Brooke ist ein wandelndes Fragezeichen
Vielleicht findet im ersten Teil der Serie eine Vorstellung des Protagonisten statt, die ihn für die Leserschaft zu einer Person mit Eigenschaften und einem definierten Charakter macht. Wer aber erst mit diesem zweiten Teil einsteigt, muss sich viel zwischen den Zeilen erlesen. Aufgrund einer Kriegsverletzung immer mit mehreren farbigen Brillen ausgestattet, stapft Brooke jede Nacht durch Cambridge. Er findet keinen Schlaf und scheint ihn auch nicht zu benötigen, denn die wenigen Momente auf einer Liege im Polizeiquartier genügen ihm. Nur Andeutungen lassen erahnen, was ihn umtreibt und wach hält. Die Beziehung zu seiner Frau ist scheinbar in jeder Weise befriedigend, was man aber ebenfalls nur aus Andeutungen erfahren kann. Jedoch zeichnet sich Brooke zumindest als individueller Charakter ab, während Frau und erwachsene Tochter sehr klischeehaft erscheinen. Beide sind aufopfernde Krankenschwestern, geben für ein harmonisches Familienleben alles und verlieren selbst in den schwierigsten Situationen nicht den Mut. Dadurch erscheinen die aderen an Nebenfiguren mit ihren Problemen wesentlich interessanter. Allerdings sollte gerade einem Autor mit diesem Hintergrund bekannt sein, dass weibliche Polizisten 1940 noch nicht im Dienst waren und schon gar nicht als hochrangige Vorgesetzte fungierten. Eine Figurenzeichnung mit differenzierteren Charakteren auf allen Ebenen hätte dem Krimi gut getan und vielleicht noch ein bisschen Spannung und Schwung gerettet. So aber reißen diese auch nichts mehr.
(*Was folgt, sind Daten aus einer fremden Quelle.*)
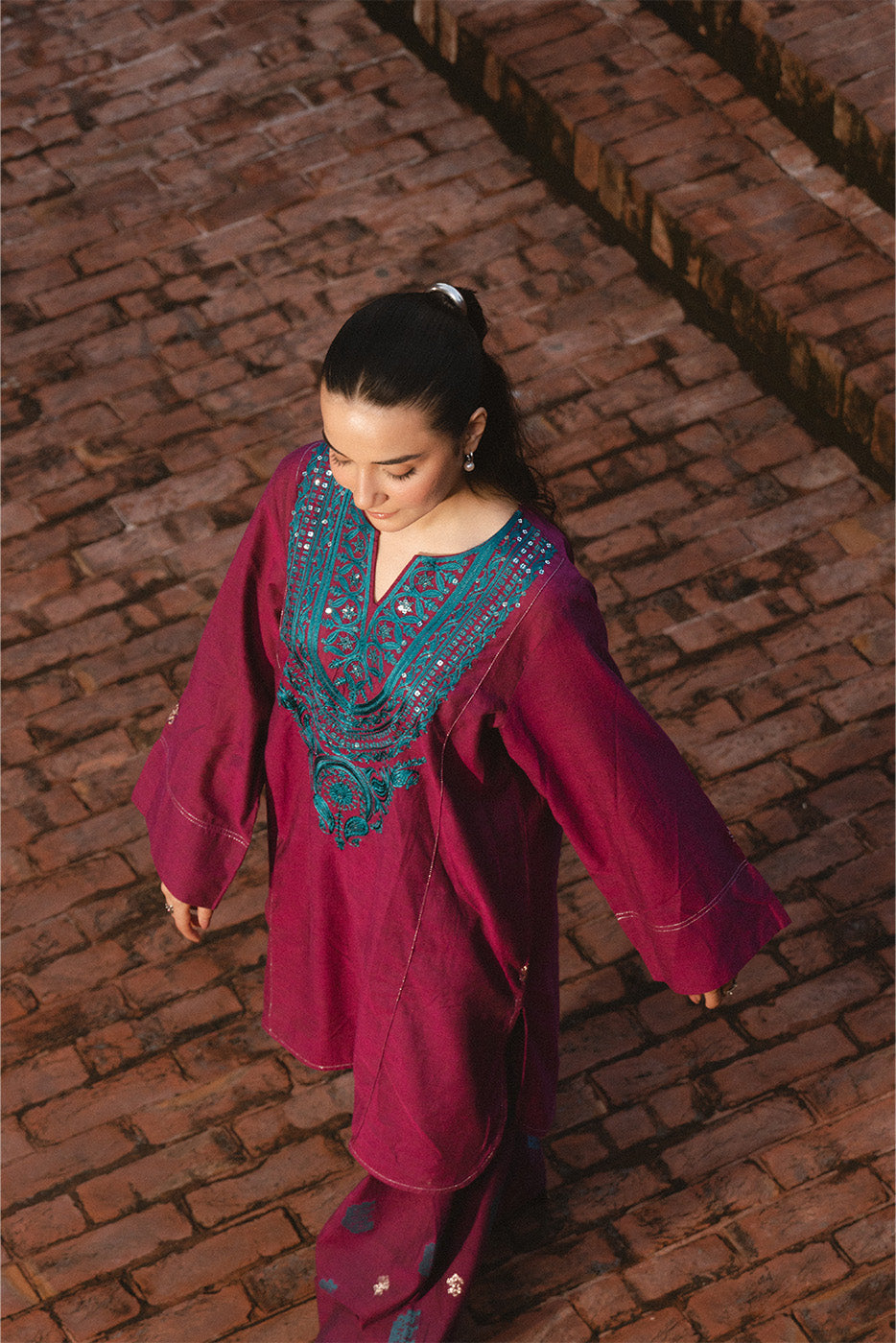 EMBROIDERED CHAMBRAY SHIRT (PRET)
Wieder einmal punktet Cambridge
Die alte Universitätsstadt am Cam ist immer ein wunderbarer Ort für einen Krimi. Die Colleges mit ihren Greens und schmücken Gebäuden; die Lehrenden, Studenten und Hausmeister in ihren Roben und nicht zuletzt der Fluss selber bieten immer eine herrliche Kulisse. Kelly greift diese Atmosphäre auf und toppt sie noch durch die Umstände während des Krieges. Die Versorgungslage ist kritisch und die Bedrohung von Luftangriffen hängt in der Luft. Die Fenster müssen nachts verdunkelt sein, das Leben scheint sich in einer Art Lauerstellung zu befinden. Das Buch punktet eindeutig mit dieser angespannten Atmosphäre, die Kelly wirklich gut zu vermitteln weiß. Selbst die Unterschiedlichkeit der Stadtviertel und die Situation in der Kirche mit den evakuierten Kindern ist ihm anschaulich gelungen.
Fazit
Ein sehr ruhig erzählter Krimi, der zudem an zu vielen Handlungssträngen krankt. Auf Spannung hofft man hier fast vergebens. Lediglich die Atmosphäre in Cambridge zu Zeiten des Krieges kann die Geschichte retten, die dadurch lediglich für Fans der Stadt und Geschichts-Interessierte zu empfehlen ist.